Daily Technical Levels

Support Resistance

1.2859     1.3000

1.2804     1.3086

1.2718     1.3141

Pivot point: 1.2945

GBP/USD– Trading Tip

The GBP/USD is trading at 1.2890 level, having supported over 1.2890 level. Above this, the next target is likely to be found around 1.2957 and 1.3020 level. Simultaneously, a bearish breakout of the 1.2890 support level can extend selling bias until 1.2840. The bearish bias remains solid below the 1.2890 mark. The cable may exhibit a breakout on the release of U.S. related economic events, especially the retail sales and consumer confidence. The leading indicators, such as MACD and RSI, support selling; therefore, it’s worth taking a selling trade below 1.2880 today. 


USD/JPY – Daily Analysis

The USD/JPY pair was closed at 105.377 after placing a high of 105.444 and a low of 105.188. Overall the movement of the USD/JPY pair remained bearish throughout the day. Despite the US dollar’s strength across the board on Friday, the pair USD/JPY dropped and posted losses for the day. It was mainly due to the US stimulus measure’s mixed developments in the market.

On Friday, the US President Donald Trump said that he was ready to increase the $1.8 trillion stimulus relief package for coronavirus. This news raised the hopes that the next round of stimulus will be delivered before elections on November 3rd and raised risk sentiment that supported the USD/JPY pair.

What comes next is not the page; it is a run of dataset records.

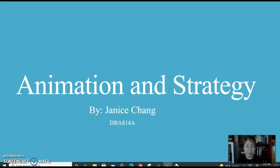Hello, my name is Janice Jean. I'm a DBA student at St. Mary's University of Minnesota, Twin Cities. I will be presenting about animation and strategy.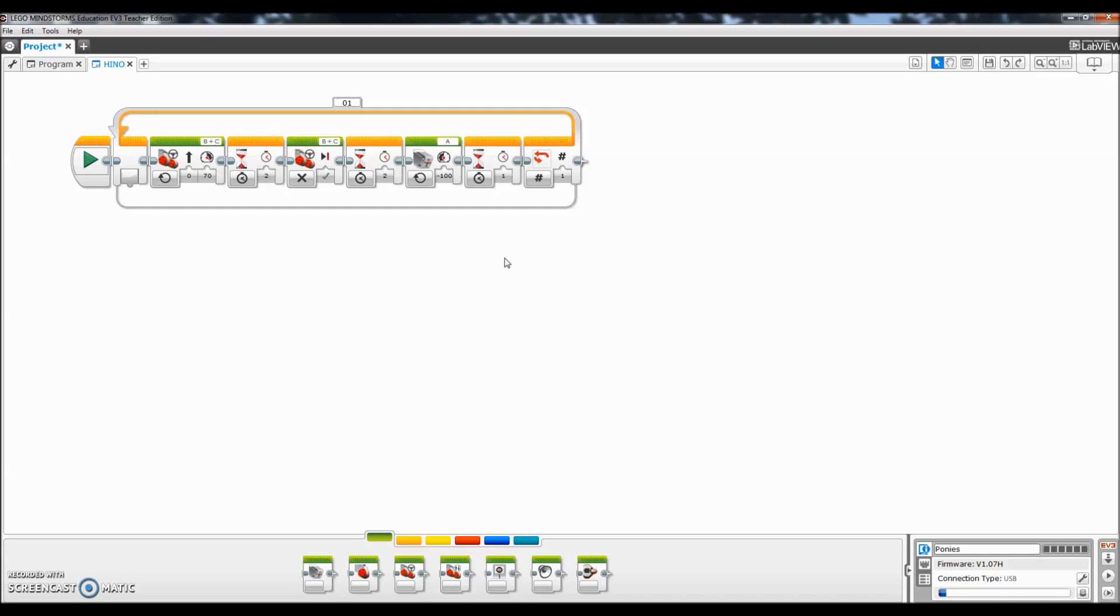All right guys, hopefully that was helpful. I am Mr. Hino for Mr. Hino's Lego Robotics. I am out.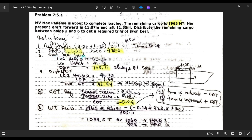What is the distance between holds? The LCG of hold number two is negative 63.36m. When we say negative, it is in the forward part of the vessel — the sign will always be negative. If you are on the aft part of midship, that will be positive. So hold number two will be negative 63.36m, and LCG of hold number six is positive 41.75m which is on the aft part.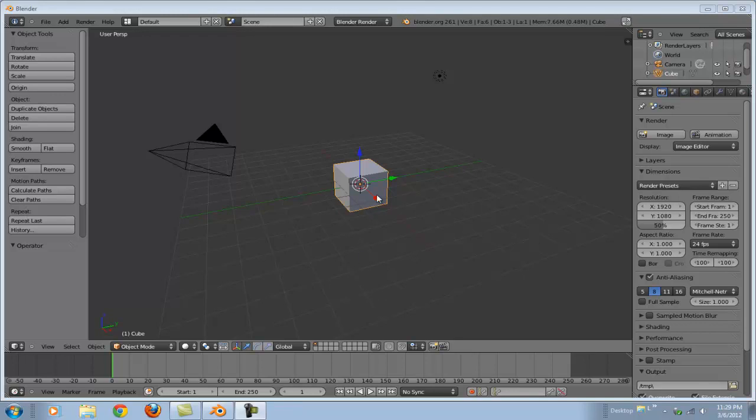Hello and welcome to my Blender 2.6 tutorial. Today I'm going to go over a few simple things including normal mapping, texture mapping, UV unwrapping, and finally I'm going to show you how to rig some studio lighting. Let's get started.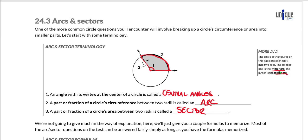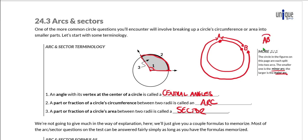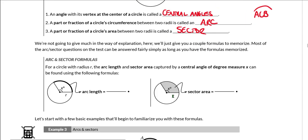There is a chance you will see the terms minor arc and major arc on this test. If you have two points on a circle, one arc is the smaller arc from A to B, and the other goes around the other way — the larger arc is the major arc, the shorter is the minor arc. If you see arc notation with just two points, they refer to the minor arc. For a major arc, they'll say 'major arc' or use a third point, like arc ACB.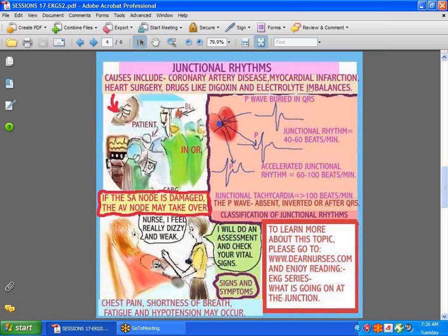What would you expect to see on the EKG? Remember, the SA node fires, the atria contracts, and that gives you the P wave. If the SA node doesn't fire, the AV node makes an attempt to do its work, causing no P wave. You might get an absent P wave, an inverted P wave, or a P wave that comes after the QRS, depending on where in the node. Rates from the junction are slower — typically 40 to 60 — compared to 60 to 100 from the SA node.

However, the same hopes were faded away after the Senate Majority Leader Mitch McConnell said that he wanted to put forward a highly targeted proposal of $500 billion despite the prior skinny bill that was failed. After Trump’s above statement, the Republican senator’s comments showed that Republicans were against the big stimulus package before elections. It raised concerns that stimulus will not be delivered before elections and weighed on risk sentiment, and dragged the USD/JPY pair on Friday to the lower side.

Meanwhile, the Federal Reserve Bank of Minneapolis President Neel Kashkari said on Friday that the US regulators were going in the wrong direction when it comes to the banks, and the arguments banks use against the strict requirements amount to nonsense. He added that there should be tough and higher capital requirements on the bigger banks.
At 17:30 GMT, the highlighted Core Retail Sales from the United States advanced to 1.5% against the forecasted 0.4% and supported the US dollar. The US dollar Retail Sales also raised to 1.9% from the forecasted 0.7% and supported the US dollar. At 19:00 GMT, the Prelim UoM Consumer Sentiment for October also raised o 81.2 against the forecasted 80.2 and supported the US dollar.

All these highlighted macroeconomic releases from the US gave strength to its local currency but failed to provide upside momentum to the USD/JPY pair on Friday as the focus of trades has been shifted towards stimulus package and upcoming US presidential elections.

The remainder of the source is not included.